AC/DC at The Olympic Stadium, London 4/6/16

After successfully purchasing two tickets for this AC/DC gig the minute they went on sale last December I was gutted to later learn that a number of dates were being pulled because of Brian Johnson’s hearing problems, but also mystified to read in the announcement that they hoped to resume the tour “likely with a guest vocalist.” Just how was that going to work out?

A huge amount of controversy ensued about the way Brian Johnson had been treated, about whether the band was right to carry on and if (in the light of also losing founder, Malcolm Young, and drummer, Phil Rudd) the dignified thing was to call it a day once and for all and put the AC/DC name to rest. The subsequent rumours and then confirmation that it was to be Axl Rose replacing Johnson for the remainder of this tour merely stoked the controversy even further.

And now, as I’m standing in the Olympic Stadium watching the Axl Rose-fronted AC/DC, I’m reminded of something that my dad said to me at the time of Bon Scott’s death when I was just 13: “They might find another singer but no-one is ever going to sound as dirty as Bon Scott.” That’s not to berate Brian Johnson, who was a hugely powerful vocalist who delivered some brilliant rock anthems and who embodied the spirit of AC/DC for well over three decades. But he had a different style of vocal delivery to his predecessor and as I’m listening to Axl Rose belting out the likes of Hell Ain’t A Bad Place To Be, Dirty Deeds Done Dirt Cheap and High Voltage I can’t help feeling he’s absolutely nailing those old Bon Scott tunes and bringing back some of that elusive “dirtiness” that my dad was always looking for.

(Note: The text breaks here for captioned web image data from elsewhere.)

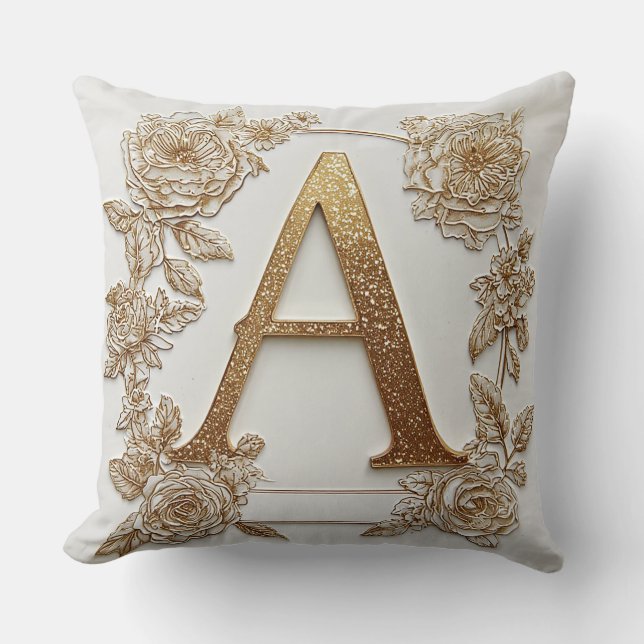 Coussin LETTRE D'Or Élégante A AUX Fleurs Délicates (Recto)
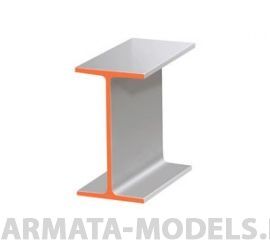 EVG275 Двутавр пластиковый 4х2 мм, 3 шт/уп.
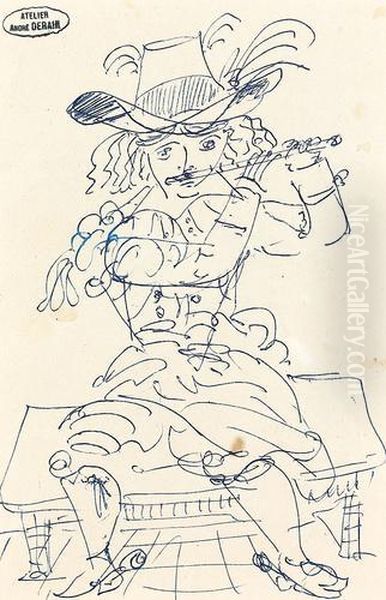 Pfeifer In Fasnachtskostum. Oil Painting by Andre Derain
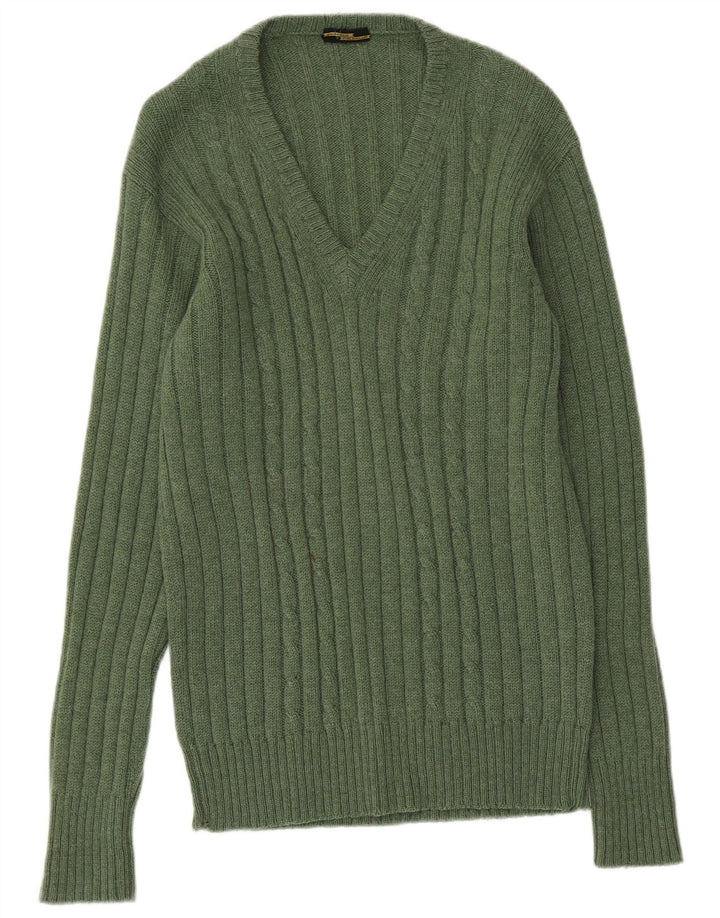Мужской джемпер с v-образным вырезом Valdoglio, маленький зеленый шерстяной свитер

Perhaps, especially given I’d seen a brilliant AC/DC set at Wembley Stadium last year with Brian Johnson still at the helm, I’d probably have liked a few more Scott era classics in the set-list but that’s a minor quibble. Rose handles both the Scott and Johnson material with aplomb.

Musically, the band are as together as ever: blinding solos from Angus Young, crunching rhythm from Stevie Young (Malcolm’s successor), ever reliable bass-lines from Cliff Williams and powerhouse drumming from Chris Slade. The effects are all present and correct, too: the over the top lighting show, the crazy video shorts, the clanging bell, the firing cannons…

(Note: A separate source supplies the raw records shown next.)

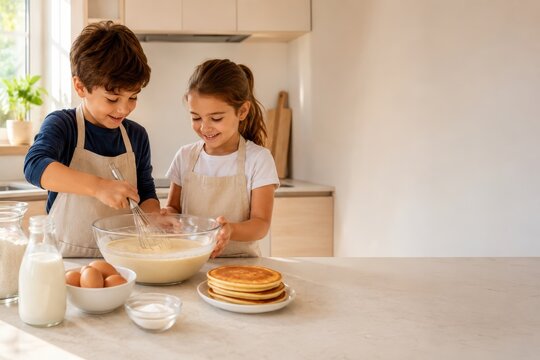 Children Mixing Pancake Batter Together in Bright Family Kitchen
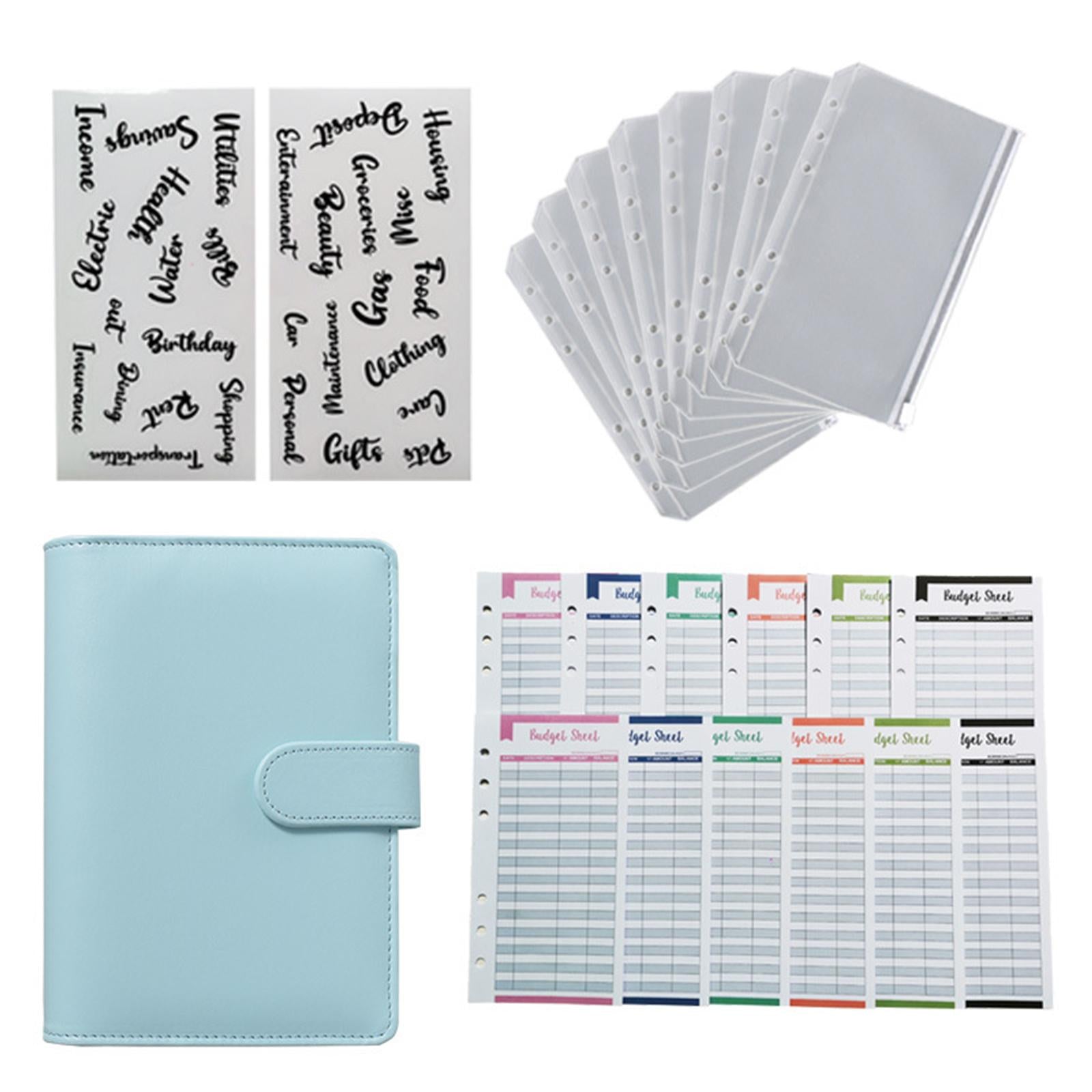 PU Leather A6 Notebook Binder Budget Binder 8 Binder Pockets for Cash Bills Light Blue
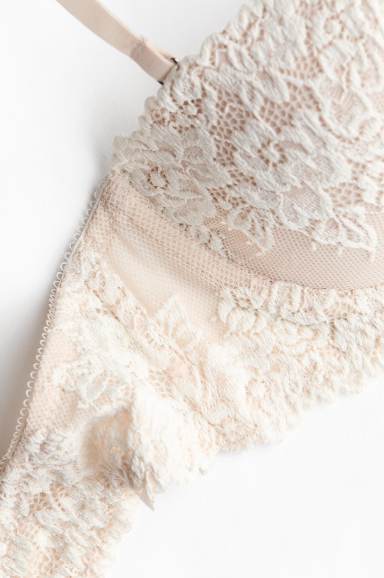 Padded lace balconette bra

I’m genuinely pleased that I approached this gig in a spirit of optimism and open-mindedness. Axl Rose would certainly never have been my immediate thought for a replacement frontman for AC/DC. But he and the rest of the band gave us a night to remember. A credible band with a credible lead singer delivering a truly astonishing show. Long live AC/DC.

Setlist:
Rock or Bust
Shoot to Thrill
Hell Ain’t a Bad Place to Be
Back in Black
Got Some Rock & Roll Thunder
Dirty Deeds Done Dirt Cheap
Rock ‘n’ Roll Damnation
Thunderstruck
High Voltage
Rock ‘n’ Roll Train
Hells Bells
Given the Dog a Bone
If You Want Blood (You’ve Got It)
Sin City
You Shook Me All Night Long
Shot Down in Flames
Have a Drink on Me
T.N.T.
Whole Lotta Rosie
Let There Be Rock
Highway to Hell
Riff Raff
For Those About to Rock (We Salute You)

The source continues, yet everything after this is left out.